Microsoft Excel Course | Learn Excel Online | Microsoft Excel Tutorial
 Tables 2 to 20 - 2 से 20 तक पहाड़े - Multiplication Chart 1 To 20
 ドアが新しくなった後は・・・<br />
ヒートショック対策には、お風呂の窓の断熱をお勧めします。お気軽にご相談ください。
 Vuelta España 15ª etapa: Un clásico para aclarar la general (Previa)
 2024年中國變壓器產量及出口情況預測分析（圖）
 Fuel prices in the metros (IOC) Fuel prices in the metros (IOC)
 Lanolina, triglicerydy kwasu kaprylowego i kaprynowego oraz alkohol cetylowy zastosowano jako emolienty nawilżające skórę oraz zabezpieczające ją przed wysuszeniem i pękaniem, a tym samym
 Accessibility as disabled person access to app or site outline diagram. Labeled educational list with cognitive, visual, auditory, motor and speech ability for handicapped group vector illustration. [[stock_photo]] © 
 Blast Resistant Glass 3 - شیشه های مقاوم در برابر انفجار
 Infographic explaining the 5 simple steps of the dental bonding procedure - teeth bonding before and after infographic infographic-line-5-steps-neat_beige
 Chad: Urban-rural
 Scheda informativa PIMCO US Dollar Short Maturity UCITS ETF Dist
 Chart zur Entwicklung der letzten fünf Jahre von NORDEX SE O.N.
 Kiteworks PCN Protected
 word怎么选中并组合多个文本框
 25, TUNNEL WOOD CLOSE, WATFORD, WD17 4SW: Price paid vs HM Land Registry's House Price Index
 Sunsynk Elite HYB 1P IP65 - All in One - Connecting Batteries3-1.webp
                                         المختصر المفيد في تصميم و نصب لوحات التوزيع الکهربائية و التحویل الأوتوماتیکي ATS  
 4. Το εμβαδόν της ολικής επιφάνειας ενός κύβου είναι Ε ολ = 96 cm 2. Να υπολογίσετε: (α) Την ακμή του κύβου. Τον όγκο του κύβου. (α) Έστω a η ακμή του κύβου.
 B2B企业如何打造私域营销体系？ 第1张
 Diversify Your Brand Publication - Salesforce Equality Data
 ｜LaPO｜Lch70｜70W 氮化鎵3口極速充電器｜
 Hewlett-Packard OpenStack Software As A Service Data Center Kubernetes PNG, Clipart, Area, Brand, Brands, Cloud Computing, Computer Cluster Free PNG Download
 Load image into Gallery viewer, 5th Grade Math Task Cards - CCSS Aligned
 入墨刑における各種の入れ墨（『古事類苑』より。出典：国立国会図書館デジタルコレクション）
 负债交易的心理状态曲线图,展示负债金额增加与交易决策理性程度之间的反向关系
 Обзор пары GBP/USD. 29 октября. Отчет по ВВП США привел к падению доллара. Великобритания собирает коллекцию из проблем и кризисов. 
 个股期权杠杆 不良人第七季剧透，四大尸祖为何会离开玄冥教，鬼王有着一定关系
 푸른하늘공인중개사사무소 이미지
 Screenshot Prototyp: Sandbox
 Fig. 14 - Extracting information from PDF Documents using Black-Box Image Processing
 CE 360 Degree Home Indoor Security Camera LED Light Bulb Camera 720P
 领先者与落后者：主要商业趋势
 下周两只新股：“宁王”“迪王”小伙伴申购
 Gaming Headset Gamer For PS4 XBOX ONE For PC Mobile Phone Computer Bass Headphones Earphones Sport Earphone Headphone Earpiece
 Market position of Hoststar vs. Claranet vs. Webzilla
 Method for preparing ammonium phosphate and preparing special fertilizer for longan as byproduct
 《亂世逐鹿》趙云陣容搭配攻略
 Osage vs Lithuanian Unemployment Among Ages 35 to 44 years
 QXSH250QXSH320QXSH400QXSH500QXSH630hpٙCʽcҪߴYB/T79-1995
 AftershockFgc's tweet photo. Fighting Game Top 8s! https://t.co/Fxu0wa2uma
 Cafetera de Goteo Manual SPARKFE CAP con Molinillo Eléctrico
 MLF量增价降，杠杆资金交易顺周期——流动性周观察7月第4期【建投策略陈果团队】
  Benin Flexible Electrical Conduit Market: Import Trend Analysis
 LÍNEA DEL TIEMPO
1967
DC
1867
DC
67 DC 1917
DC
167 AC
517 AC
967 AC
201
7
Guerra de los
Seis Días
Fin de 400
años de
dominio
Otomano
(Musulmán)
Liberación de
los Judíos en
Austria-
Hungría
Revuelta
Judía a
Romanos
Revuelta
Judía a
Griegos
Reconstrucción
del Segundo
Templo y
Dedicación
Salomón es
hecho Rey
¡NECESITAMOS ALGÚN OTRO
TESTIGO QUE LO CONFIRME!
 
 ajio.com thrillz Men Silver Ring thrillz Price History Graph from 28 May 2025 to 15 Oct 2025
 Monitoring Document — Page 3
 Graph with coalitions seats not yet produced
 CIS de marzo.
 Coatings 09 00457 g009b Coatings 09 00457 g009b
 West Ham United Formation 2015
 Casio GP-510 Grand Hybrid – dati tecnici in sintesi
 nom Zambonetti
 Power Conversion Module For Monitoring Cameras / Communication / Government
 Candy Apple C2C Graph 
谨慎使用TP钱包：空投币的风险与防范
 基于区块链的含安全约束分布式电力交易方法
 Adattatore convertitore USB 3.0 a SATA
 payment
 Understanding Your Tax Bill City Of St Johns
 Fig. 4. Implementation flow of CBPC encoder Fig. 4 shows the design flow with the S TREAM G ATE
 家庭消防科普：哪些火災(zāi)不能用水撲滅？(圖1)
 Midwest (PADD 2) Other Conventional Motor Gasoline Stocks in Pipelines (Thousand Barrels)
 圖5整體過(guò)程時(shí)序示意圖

■ ■ ■ ■

WORK TASK: Exact copy required. Retype all of the entries word for word.

RESPONSE TO THIS TASK:
Microsoft Excel Course | Learn Excel Online | Microsoft Excel Tutorial
 Tables 2 to 20 - 2 से 20 तक पहाड़े - Multiplication Chart 1 To 20
 ドアが新しくなった後は・・・<br />
ヒートショック対策には、お風呂の窓の断熱をお勧めします。お気軽にご相談ください。
 Vuelta España 15ª etapa: Un clásico para aclarar la general (Previa)
 2024年中國變壓器產量及出口情況預測分析（圖）
 Fuel prices in the metros (IOC) Fuel prices in the metros (IOC)
 Lanolina, triglicerydy kwasu kaprylowego i kaprynowego oraz alkohol cetylowy zastosowano jako emolienty nawilżające skórę oraz zabezpieczające ją przed wysuszeniem i pękaniem, a tym samym
 Accessibility as disabled person access to app or site outline diagram. Labeled educational list with cognitive, visual, auditory, motor and speech ability for handicapped group vector illustration. [[stock_photo]] © 
 Blast Resistant Glass 3 - شیشه های مقاوم در برابر انفجار
 Infographic explaining the 5 simple steps of the dental bonding procedure - teeth bonding before and after infographic infographic-line-5-steps-neat_beige
 Chad: Urban-rural
 Scheda informativa PIMCO US Dollar Short Maturity UCITS ETF Dist
 Chart zur Entwicklung der letzten fünf Jahre von NORDEX SE O.N.
 Kiteworks PCN Protected
 word怎么选中并组合多个文本框
 25, TUNNEL WOOD CLOSE, WATFORD, WD17 4SW: Price paid vs HM Land Registry's House Price Index
 Sunsynk Elite HYB 1P IP65 - All in One - Connecting Batteries3-1.webp
                                         المختصر المفيد في تصميم و نصب لوحات التوزيع الکهربائية و التحویل الأوتوماتیکي ATS  
 4. Το εμβαδόν της ολικής επιφάνειας ενός κύβου είναι Ε ολ = 96 cm 2. Να υπολογίσετε: (α) Την ακμή του κύβου. Τον όγκο του κύβου. (α) Έστω a η ακμή του κύβου.
 B2B企业如何打造私域营销体系？ 第1张
 Diversify Your Brand Publication - Salesforce Equality Data
 ｜LaPO｜Lch70｜70W 氮化鎵3口極速充電器｜
 Hewlett-Packard OpenStack Software As A Service Data Center Kubernetes PNG, Clipart, Area, Brand, Brands, Cloud Computing, Computer Cluster Free PNG Download
 Load image into Gallery viewer, 5th Grade Math Task Cards - CCSS Aligned
 入墨刑における各種の入れ墨（『古事類苑』より。出典：国立国会図書館デジタルコレクション）
 负债交易的心理状态曲线图,展示负债金额增加与交易决策理性程度之间的反向关系
 Обзор пары GBP/USD. 29 октября. Отчет по ВВП США привел к падению доллара. Великобритания собирает коллекцию из проблем и кризисов. 
 个股期权杠杆 不良人第七季剧透，四大尸祖为何会离开玄冥教，鬼王有着一定关系
 푸른하늘공인중개사사무소 이미지
 Screenshot Prototyp: Sandbox
 Fig. 14 - Extracting information from PDF Documents using Black-Box Image Processing
 CE 360 Degree Home Indoor Security Camera LED Light Bulb Camera 720P
 领先者与落后者：主要商业趋势
 下周两只新股：“宁王”“迪王”小伙伴申购
 Gaming Headset Gamer For PS4 XBOX ONE For PC Mobile Phone Computer Bass Headphones Earphones Sport Earphone Headphone Earpiece
 Market position of Hoststar vs. Claranet vs. Webzilla
 Method for preparing ammonium phosphate and preparing special fertilizer for longan as byproduct
 《亂世逐鹿》趙云陣容搭配攻略
 Osage vs Lithuanian Unemployment Among Ages 35 to 44 years
 QXSH250QXSH320QXSH400QXSH500QXSH630hpٙCʽcҪߴYB/T79-1995
 AftershockFgc's tweet photo. Fighting Game Top 8s! https://t.co/Fxu0wa2uma
 Cafetera de Goteo Manual SPARKFE CAP con Molinillo Eléctrico
 MLF量增价降，杠杆资金交易顺周期——流动性周观察7月第4期【建投策略陈果团队】
  Benin Flexible Electrical Conduit Market: Import Trend Analysis
 LÍNEA DEL TIEMPO
1967
DC
1867
DC
67 DC 1917
DC
167 AC
517 AC
967 AC
201
7
Guerra de los
Seis Días
Fin de 400
años de
dominio
Otomano
(Musulmán)
Liberación de
los Judíos en
Austria-
Hungría
Revuelta
Judía a
Romanos
Revuelta
Judía a
Griegos
Reconstrucción
del Segundo
Templo y
Dedicación
Salomón es
hecho Rey
¡NECESITAMOS ALGÚN OTRO
TESTIGO QUE LO CONFIRME!
 
 ajio.com thrillz Men Silver Ring thrillz Price History Graph from 28 May 2025 to 15 Oct 2025
 Monitoring Document — Page 3
 Graph with coalitions seats not yet produced
 CIS de marzo.
 Coatings 09 00457 g009b Coatings 09 00457 g009b
 West Ham United Formation 2015
 Casio GP-510 Grand Hybrid – dati tecnici in sintesi
 nom Zambonetti
 Power Conversion Module For Monitoring Cameras / Communication / Government
 Candy Apple C2C Graph 
谨慎使用TP钱包：空投币的风险与防范
 基于区块链的含安全约束分布式电力交易方法
 Adattatore convertitore USB 3.0 a SATA
 payment
 Understanding Your Tax Bill City Of St Johns
 Fig. 4. Implementation flow of CBPC encoder Fig. 4 shows the design flow with the S TREAM G ATE
 家庭消防科普：哪些火災(zāi)不能用水撲滅？(圖1)
 Midwest (PADD 2) Other Conventional Motor Gasoline Stocks in Pipelines (Thousand Barrels)
 圖5整體過(guò)程時(shí)序示意圖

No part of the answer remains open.